Die Benutzer der Systeme müssen sich selber schützen. Dank der Aufklärung kann der NDB aber feststellen, welche neuen Technologien der Gegner verwendet.
Kritiker des NDG monieren, der Schweizer Geheimdienst will mit dem neuen Gesetz bloss zum besseren Player im Datenhandelsgeschäft werden.
Das ist eine undifferenzierte Kritik. Wir haben immer von den Informationen ausländischer Geheimdienste profitiert. Diese haben dafür unsere neutralen, eigenständigen Lagebeurteilungen geschätzt. Wenn die ausländischen Partnerdienste heute merken, dass die Schweiz bezüglich Überwachung ein Vakuum darstellt, wo auch Terroristen sich verstecken könnten, werden sie ganz einfach selber aktiv.
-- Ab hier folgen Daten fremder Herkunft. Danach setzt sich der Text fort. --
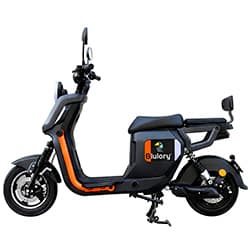 Blulory Moto Eletrica Blulory U2 Plus Max Preto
Das wollen wir, als souveräner Staat, vermeiden.
So ist es doch heute schon. Die Schweiz liefert Steuersünder ans Messer, das Ausland uns dafür Informationen über mutmassliche Terroristen. Wir müssen nicht auch noch selber unsere Bürger überwachen.
Ganz so einfach läuft es nicht. Wollen Sie, dass das ausländische Geheimdienste sind oder unser eigener? Wir müssen und wollen uns selber um unsere innere Sicherheit kümmern.